Advertisement

San Dieguito River Valley Conservancy hires conservation, education managers

Share

The San Dieguito River Valley Conservancy (SDRVC) has hired Jack Hughes as conservation manager and Ana Lutz as education manager.

As conservation manager, Hughes is responsible for the coordination and implementation of conservation programs for the SDRVC. He will continue to lead habitat-restoration projects in the San Dieguito River watershed and take an active role in SDRVC’s efforts to improve water quality, including through participation in projects that implement regional water-quality programs.

Hughes will also work with SDRVC’s partners to bring the most effective scientific methods and tools to bear on conservation and field research projects, and lead the San Dieguito Citizen Science Monitoring Program.

As education manager, Lutz is responsible for developing, implementing, leading and growing the Conservancy’s education and outreach programs, including Watershed Explorers, Watershed Explorers Experiences, Citizen Science, Coastal Wetlands Field Ecology Project, and others in the San Dieguito River Watershed.

Hughes is drawing on 5 years’ experience working with the Montana Conservation Corps, including two AmeriCorps terms of service and two years on staff coordinating projects in habitat restoration, trail maintenance and construction for young adult crews.
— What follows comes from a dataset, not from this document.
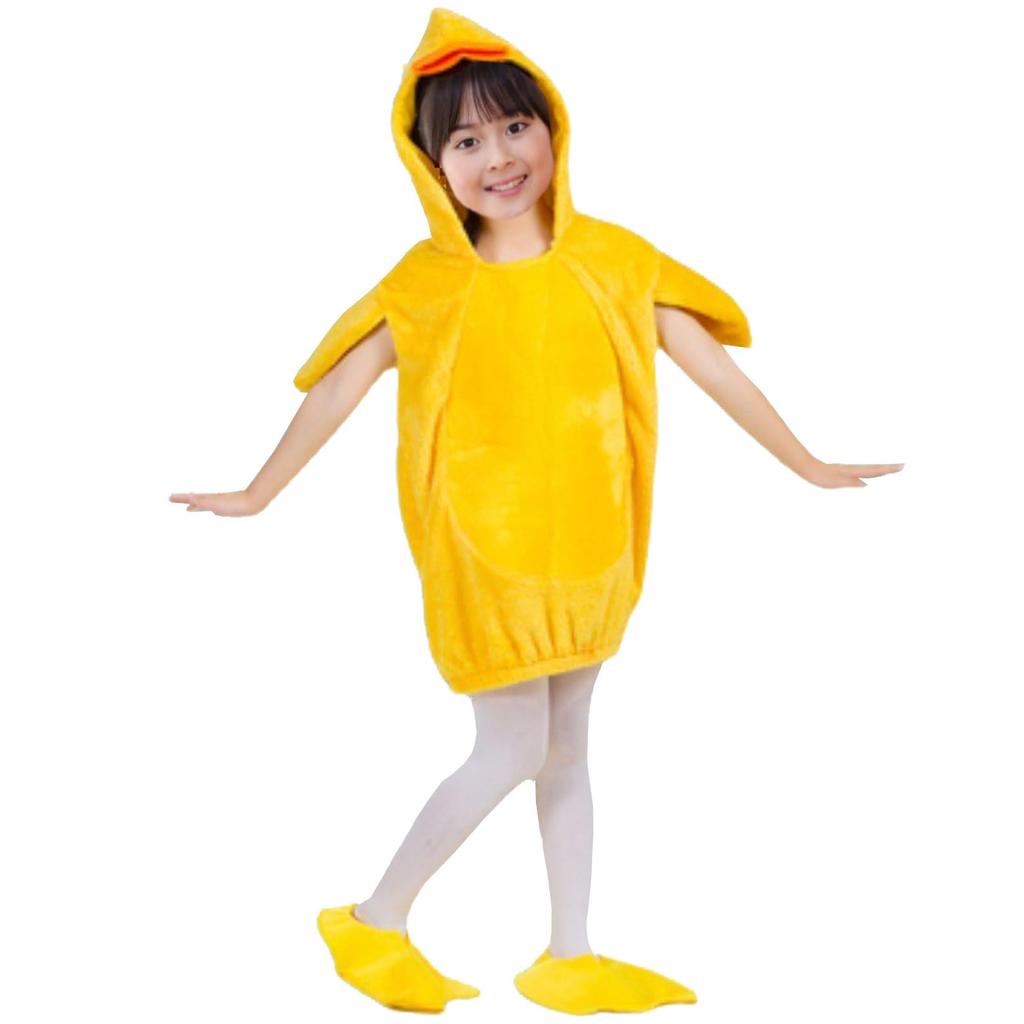 [sac taske] Chick Cosplay Bird Kigurumi 3-Piece Set for Kids, Halloween Costumes, and Recitals (110cm)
That experience inspired him to go to graduate school at Oregon State University where he got a degree in Environmental Policy.
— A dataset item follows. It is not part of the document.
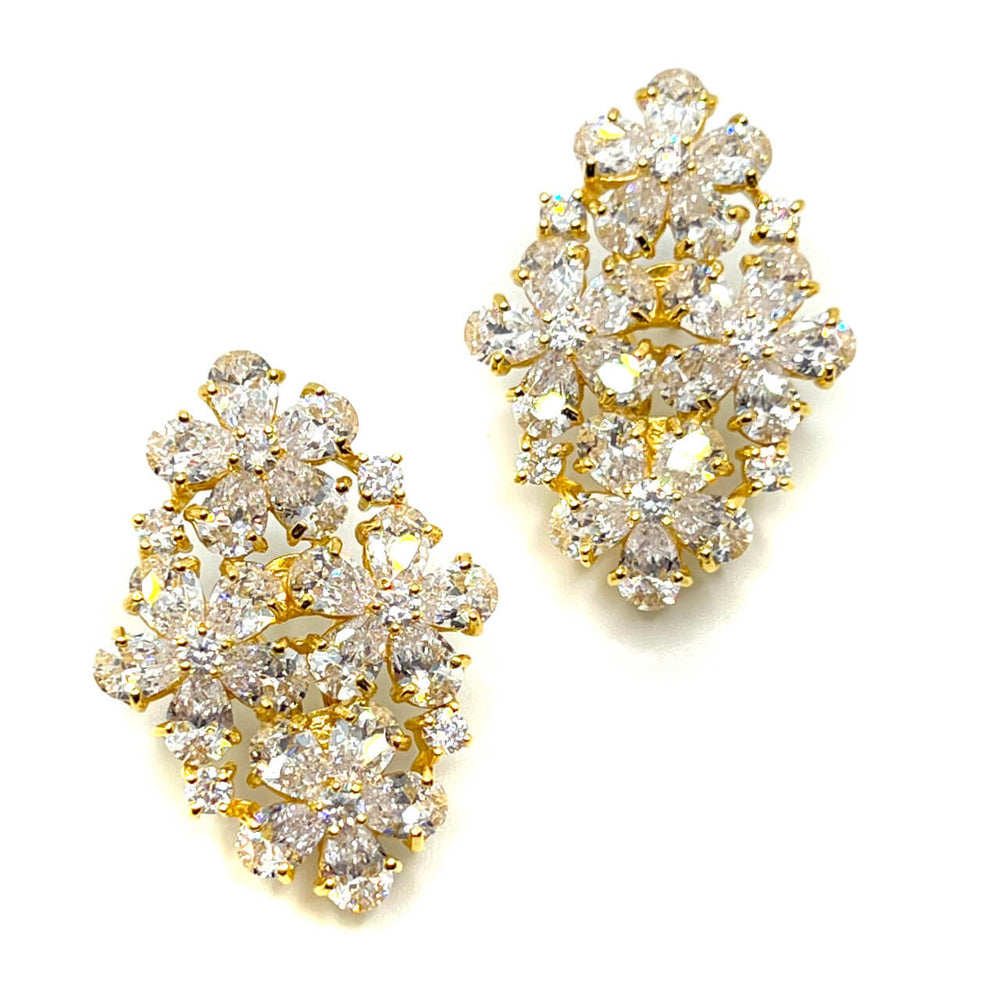 Floral Crystal Earrings in Gold - Mildred Hoit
Hughes grew up on a family farm in Illinois, where he got his conservation ethic, from his father and mother. He moved to San Diego two years ago and last October he found an opportunity with the SDRVC to build and manage the volunteer base for the Watershed Explorers Program.

“The Conservancy has a commitment to collaboration, to reaching out and being a catalyst for habitat restoration in the watershed and that’s what I am interested in doing,” said Hughes. “I’m really looking forward to working with all the different partners and finding those common areas and ways we can move forward.”

Lutz is a native San Diegan, born and raised in North County. She has a BA in Environmental Studies from Cal State San Marcos, with a minor in Anthropology. Lutz is extremely passionate about grassroots projects. “I think they are the foundation and the seeds that grow change. That’s what I’m most interested in doing. And partnering with communities—that’s where the real decision-making comes in, rather than top-down federal laws—your local laws really do matter, and your local officials,” she said.

SDRVC’s education goals are to develop future conservationists, and to improve academic engagement, performance, and physical and social well-being for people of all ages and abilities.